Task brief — Keeping pictures out of the copy, restate each record word for word.

Caption-style text data:
____________________

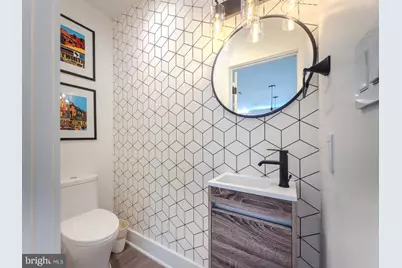 301 Gallatin Street NW, Washington, DC 20011 - Photo 10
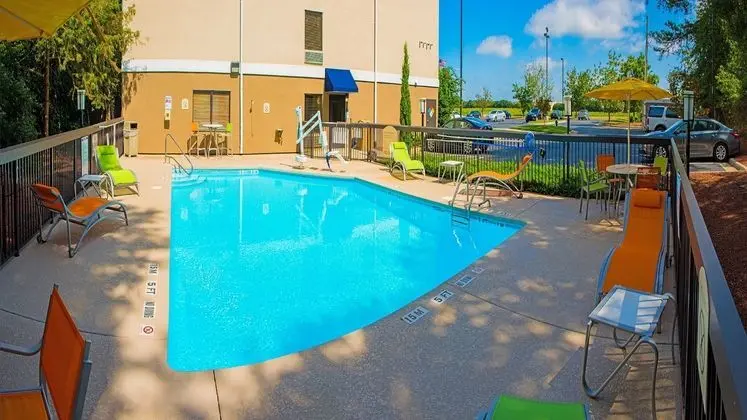 Holiday Inn Express and Suites Kinston - Havuz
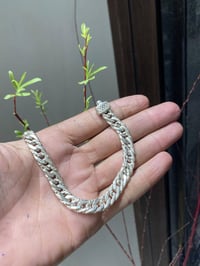 اسوار فضة • ٣٧.٩٢٠غ • نضيف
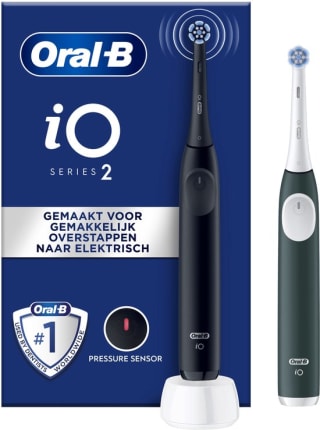 Oral-B iO2 Elektrische Tandenborstels - Night Black & Forest Green - 2 stuks voor €60 bij Coolblue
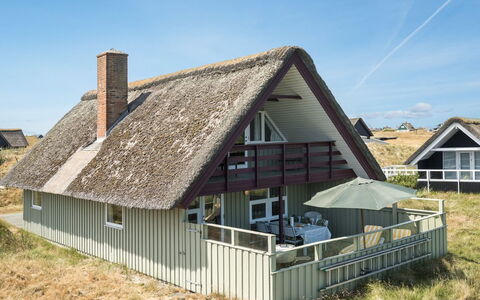 Inra - 400M from the Sea: Hus, Tag, Hjem, Sommerhus, Estate, Stuehus, Villa, Veranda, Sidespor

____________________

Exercise solution —
 301 Gallatin Street NW, Washington, DC 20011 - Photo 10
 Holiday Inn Express and Suites Kinston - Havuz
 اسوار فضة • ٣٧.٩٢٠غ • نضيف
 Oral-B iO2 Elektrische Tandenborstels - Night Black & Forest Green - 2 stuks voor €60 bij Coolblue
 Inra - 400M from the Sea: Hus, Tag, Hjem, Sommerhus, Estate, Stuehus, Villa, Veranda, Sidespor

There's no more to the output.